Journal Frontiers in Cellular Neuroscience
Volume (Issue) 14
Page(s) 41
Title of proceedings Frontiers in Cellular Neuroscience
DOI 10.3389/fncel.2020.00041

Open Access

Type of Open Access Publisher (Gold Open Access)


Acid-sensing ion channels (ASICs) are H+-activated neuronal Na+ channels. They are involved in fear behavior, learning, neurodegeneration after ischemic stroke and in pain sensation. ASIC activation has so far been studied only with fast pH changes, although the pH changes associated with many roles of ASICs are slow. It is currently not known whether slow pH changes can open ASICs at all. Here, we investigated to which extent slow pH changes can activate ASIC1a channels and induce action potential signaling. To this end, ASIC1a current amplitudes and charge transport in transfected Chinese hamster ovary cells, and ASIC-mediated action potential signaling in cultured cortical neurons were measured in response to defined pH ramps of 1-40 s duration from pH 7.4 to pH 6.6 or 6.0. A kinetic model of the ASIC1a current was developed and integrated into the Hodgkin-Huxley action potential model. Interestingly, whereas the ASIC1a current amplitude decreased with slower pH ramps, action potential firing was higher upon intermediate than fast acidification in cortical neurons. Indeed, fast pH changes (<4 s) induced short action potential bursts, while pH changes of intermediate speed (4-10 s) induced longer bursts. Slower pH changes (>10 s) did in many experiments not generate action potentials. Computer simulations corroborated these observations. We provide here the first description of ASIC function in response to defined slow pH changes.
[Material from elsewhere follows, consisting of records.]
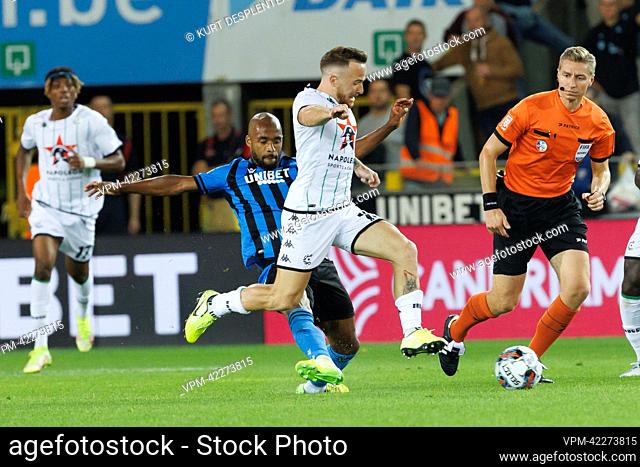 Club's Denis Odoi and Cercle's Dino Hotic fight for the ball during a soccer match between Club Brugge KV and Cercle Brugge, Friday 02 September 2022 in Brugge
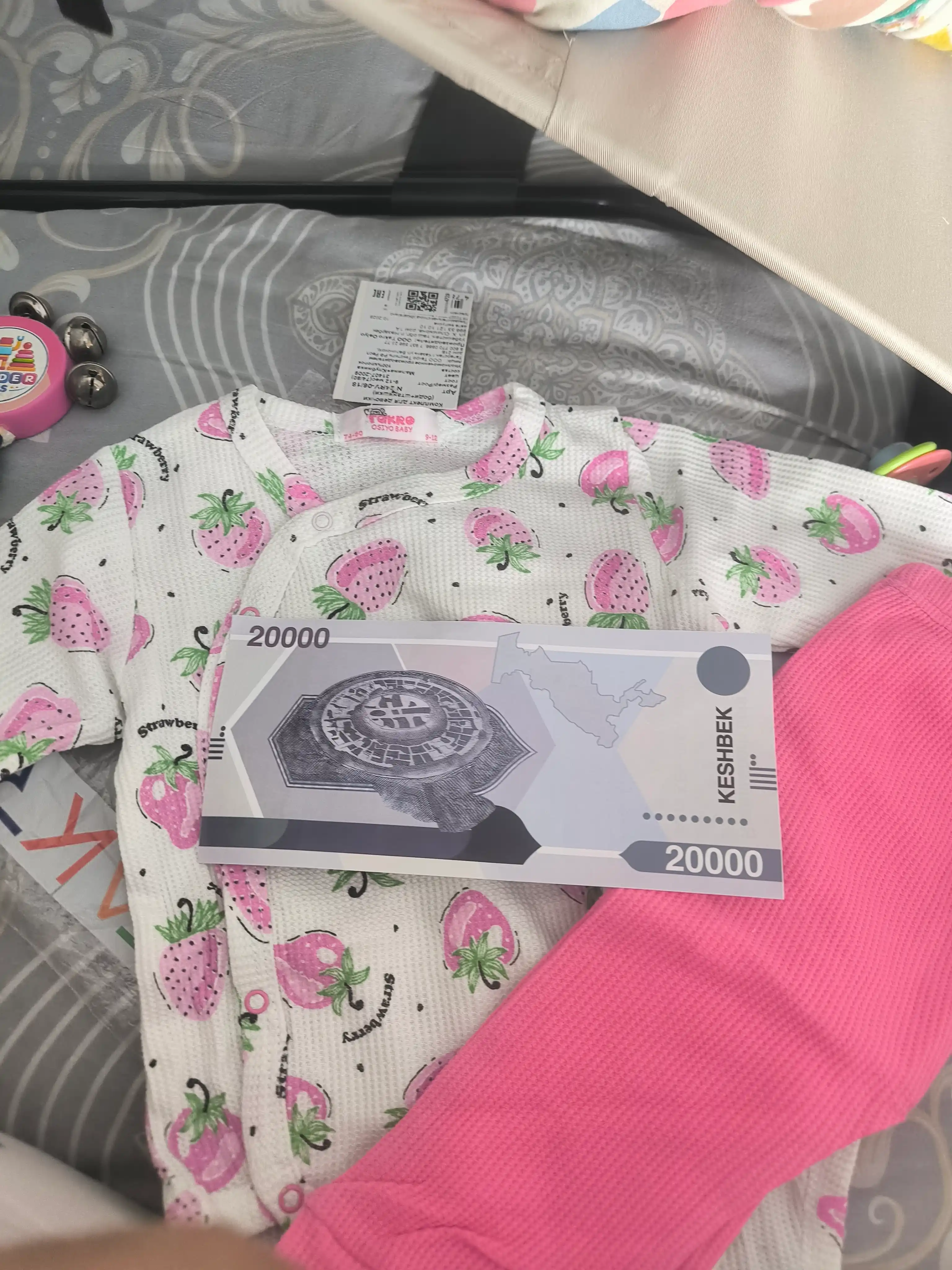 Одежда для малышей — боди, штанишки и слип, для мальчиков и девочек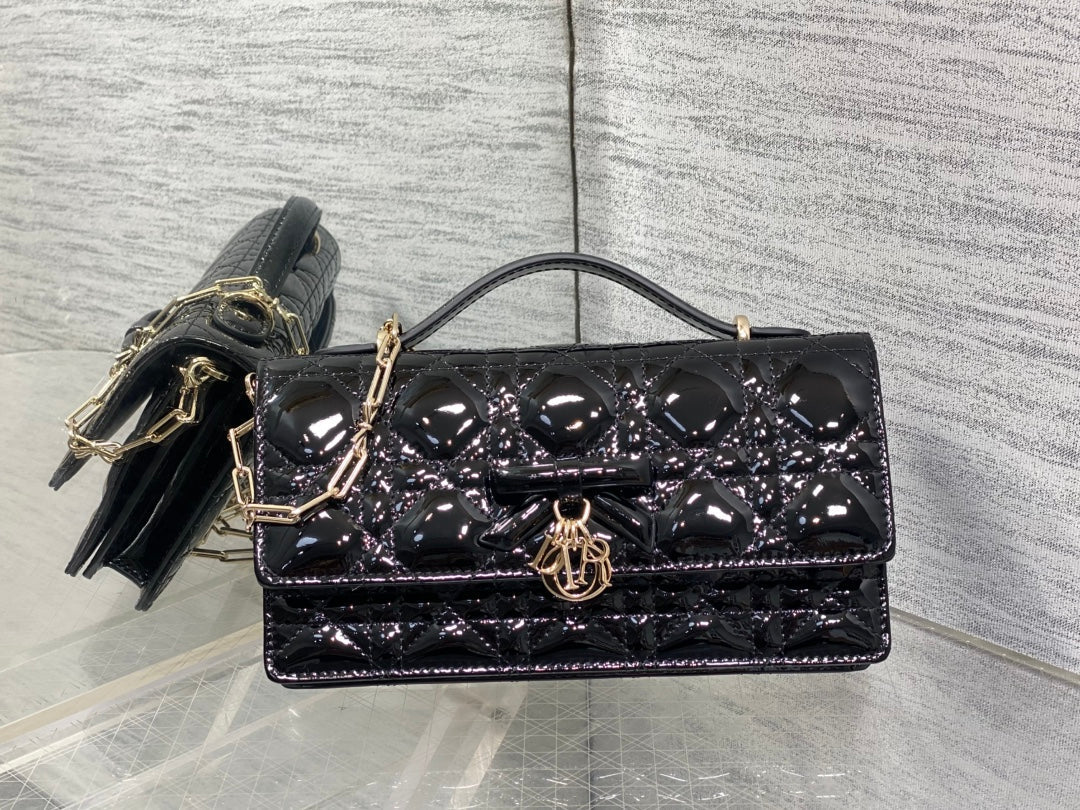 Dior 26 Bow Pearl Chain Clutch In Black Glossy Lambskin GHW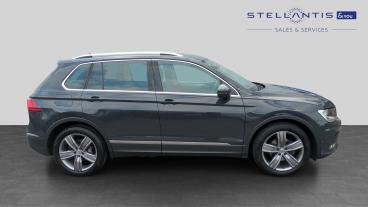 SPOTICAR Volkswagen Tiguan 1.5 Tsi Evo Match Euro 6 (s/s) 5dr Used Car - Suv Petrol Grey - Crawley - 1200626775_2
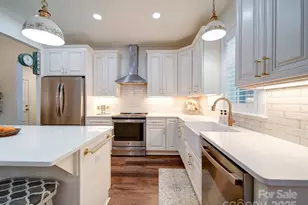 1026 Trull Hinson Rd, Wingate, NC 28174 - Photo 9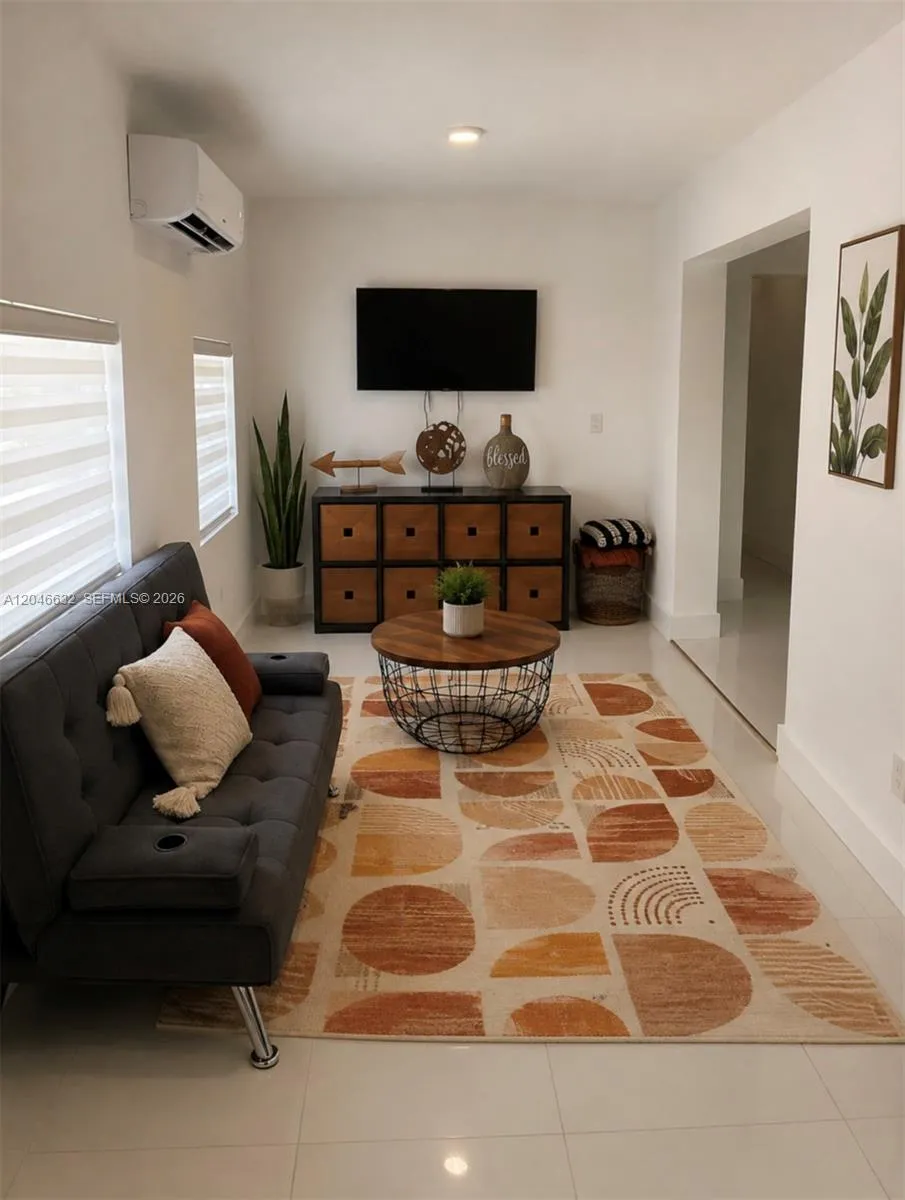 Listing  6716 NW 6th Avenue 2, Miami, FL 33150, Miami, FL 33150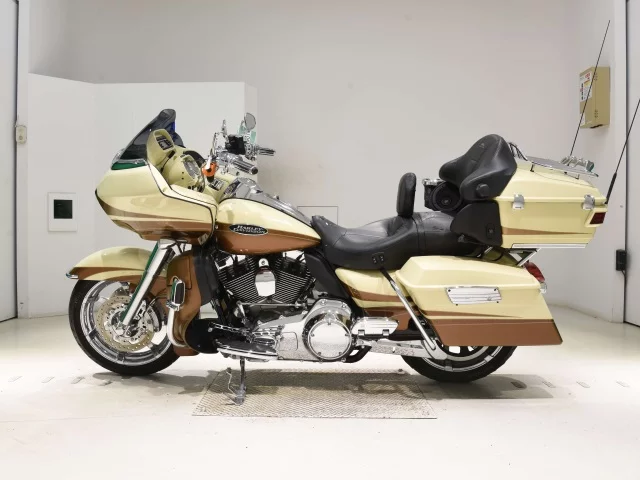 Harley-Davidson HARLEY FLTRUSE1800CVO  с аукциона в Японии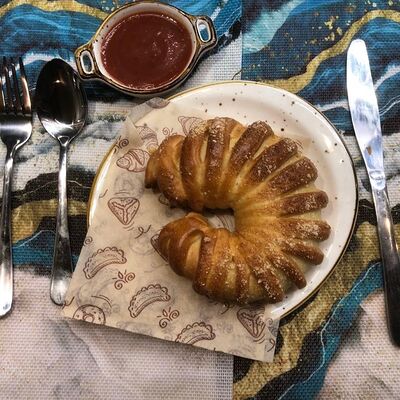 Булочка с творогом в Чайхана 24 Халяль по цене 130 ₽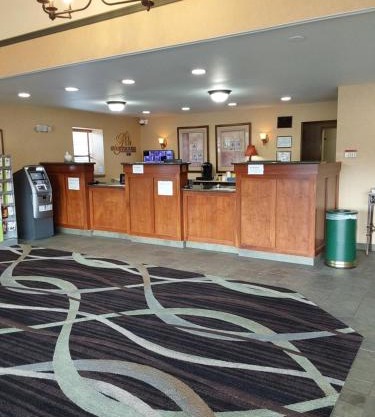 Lavissh inn and Suites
Our study shows that ASIC1a currents, and neuronal activity induced by ASIC1a currents, strongly depend on the speed of pH changes. Importantly, with pH changes that take >10 s to complete, ASIC1a activation is inefficient. Therefore, it is likely that currently unknown modulatory mechanisms allow ASIC activity in situations such as ischemia and inflammation.